Also called Overactive Bladder (OAB)
Are You Like Karen?
Sixty-two-year-old Karen has bathrooms on the brain. She has to urinate 10 to 12 times a day and a few times at night. Sometimes she feels a sudden urge and doesn’t make it to the bathroom in time–she then leaks a large volume of urine. Karen has to carry several changes of clothing with her and buys adult diapers in bulk. Her situation is bad, but her embarrassment about seeking help is worse, so she just keeps coping with the condition by herself.
This is what Karen should know. Karen is suffering from the most severe form of overactive bladder, called urge urinary incontinence. About 17 percent of women in the United States have urge incontinence, especially women 50 and older, but less than half seek help. Getting help is important, because about 60 percent of women with urge urinary incontinence also experience depression (though the two conditions are not always related). Help is also important because 70 percent of women with urge incontinence report symptom improvement with conservative treatments like medication or physical therapy.

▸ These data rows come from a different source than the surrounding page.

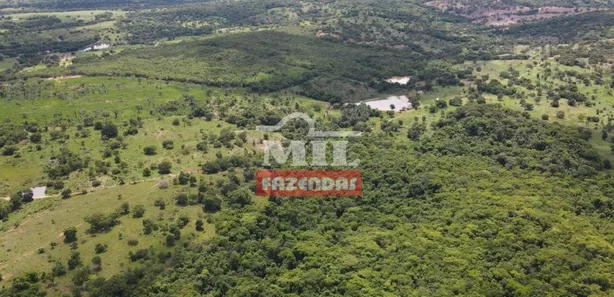Fazenda/Sítio com 4 Quartos à venda, 500m² no , Goiás
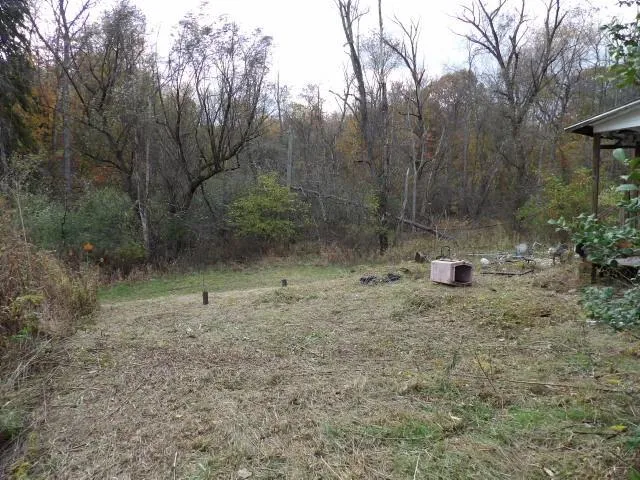 a view of a house with a tree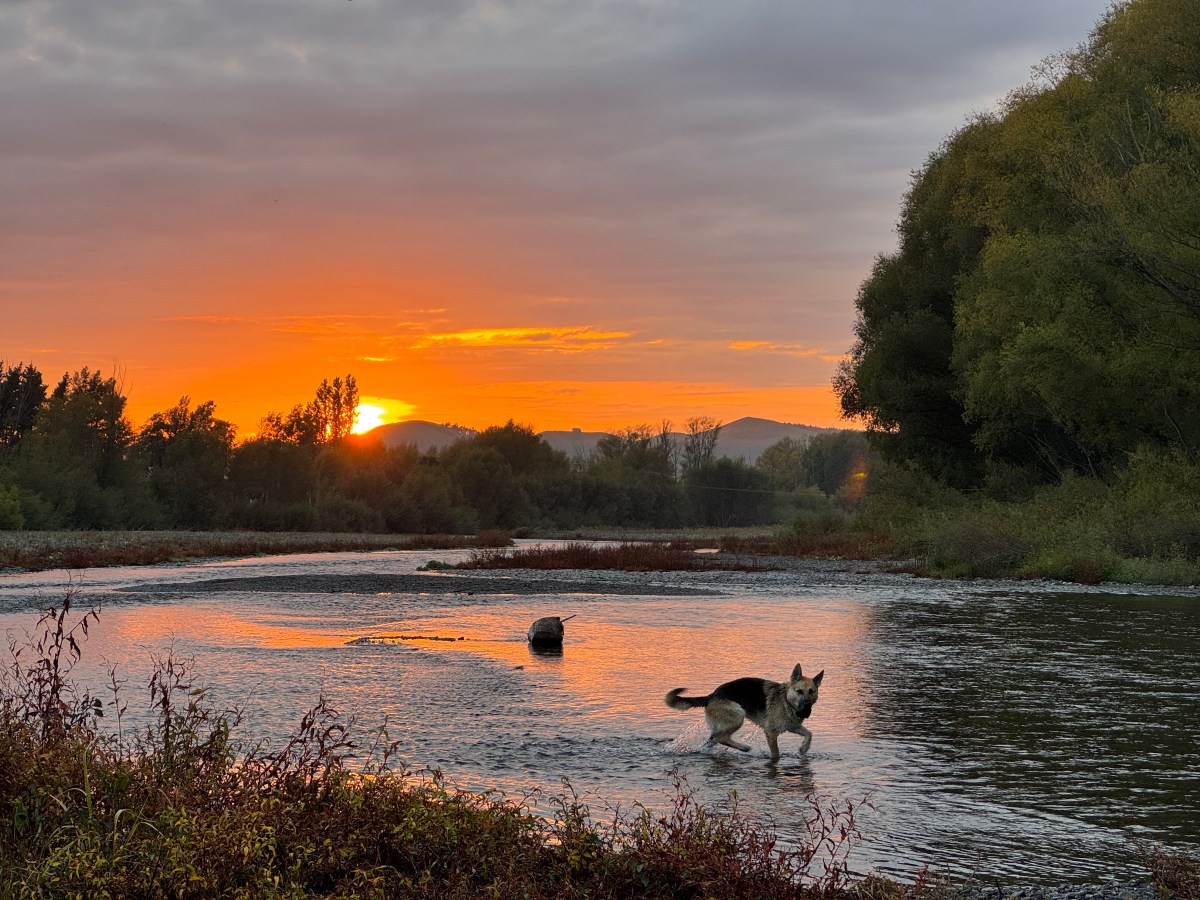 Lampenfieber vor dem großen&nbsp;Rennen…
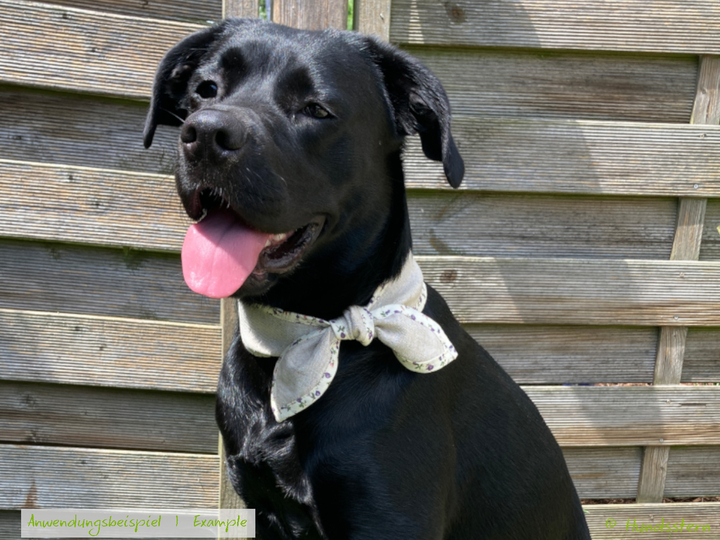 SOSCHA neckerchief for dogs & scarf or hair band for owner. Sewing pattern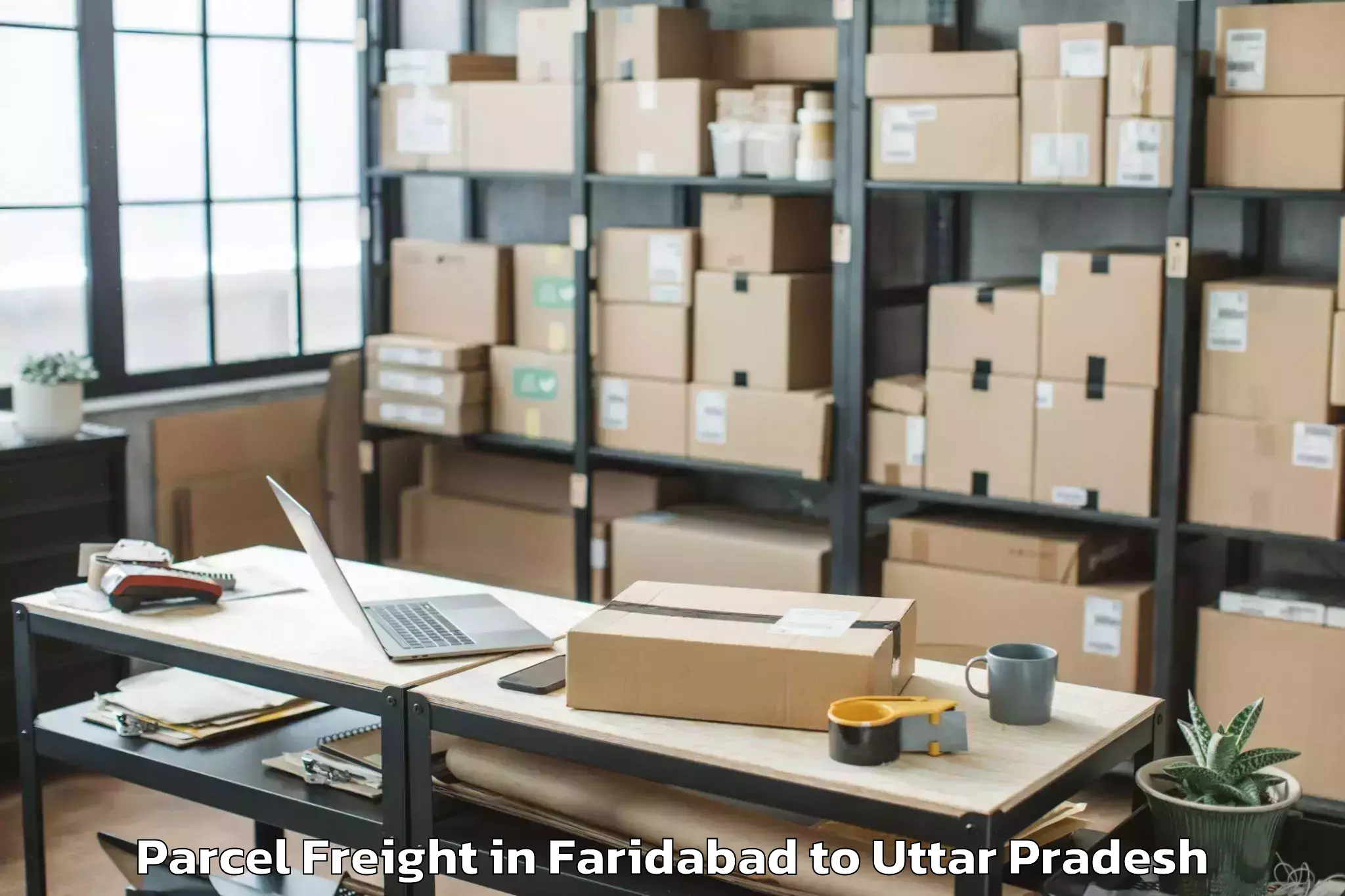 Reliable Faridabad to Fun Republic Mall Lucknow Parcel Freight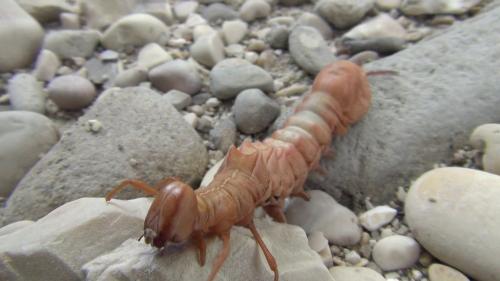 Stauropus fagi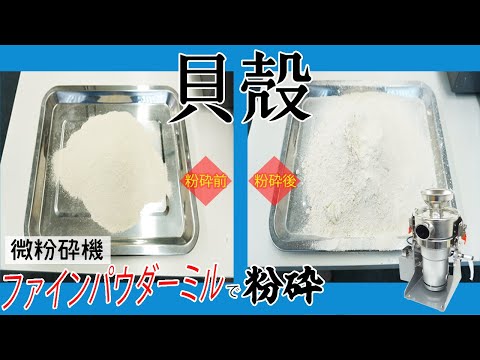 【粉砕テスト】貝殻パウダーをより細かなパウダーに加工しました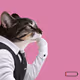Thinking Cat #1477
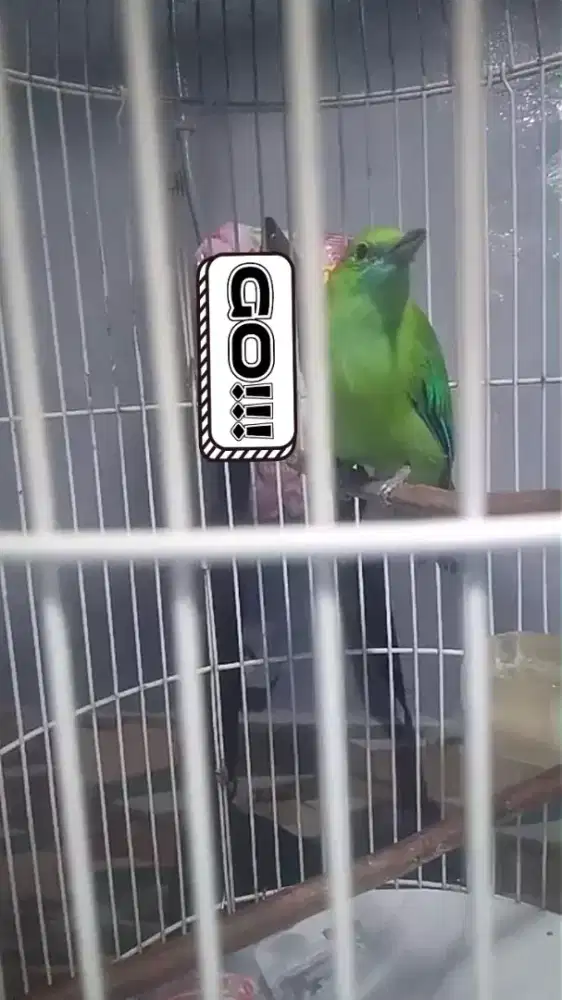 Masteran isian mewah (fullset)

What is Urge Urinary Incontinence or Overactive Bladder?
Most of us have experienced urge urinary incontinence (UUI), also called Overactive Bladder (OAB), in our lifetime whether we are ordinarily incontinent or not. This happens when you really have to urinate but you can’t make it to the bathroom right away. The result? Oops—leakage. For those who don’t suffer from UUI regularly, this can happen in unusual circumstances—a long line in front of the bathroom in a bar when you’ve had a little too much to drink or just waiting too long before you urinate because you’re juggling too many things. But if you suffer from UUI, then you know from firsthand experience the situation is much more frequent and much worse. The urge to urinate comes on suddenly followed by a strong bladder contraction resulting in leakage. You might feel the sudden urge to urinate when you hear water running in the kitchen sink (possibly prompting you to ask your hubby about installing a toilet next to the dishwasher) or when you are trying to unlock the door with your arms full of grocery bags. Many women also leak when going from a sitting to a standing position, or when they wake up at night to go to the bathroom.
You Know You Have UUI or OAB If:
You experience any of these symptoms:
- Frequency: an urge to urinate more than eight times a day with the urge to urinate occurring soon after the bladder has just been emptied or after drinking small amounts of water.
- Urgency: a sudden and strong urge to urinate with little or no chance to postpone urination. This often occurs when you touch water or hear water running.
- Incontinence (wetting accidents): an involuntary loss of urine.
- Nocturia: awakening to urinate two or more times a night.
How the story ends
Karen went to see the urologist referred by her friend Margie. After a thorough exam, the urologist suggested Karen try conservative therapy for her UUI, including doing Kegel exercises and using biofeedback techniques to ensure she was doing the Kegels correctly. Karen is so excited about her prospects, and she should be. Studies indicate that about 75% of people who use biofeedback for Kegel exercises report symptom improvement, and 15% are considered cured.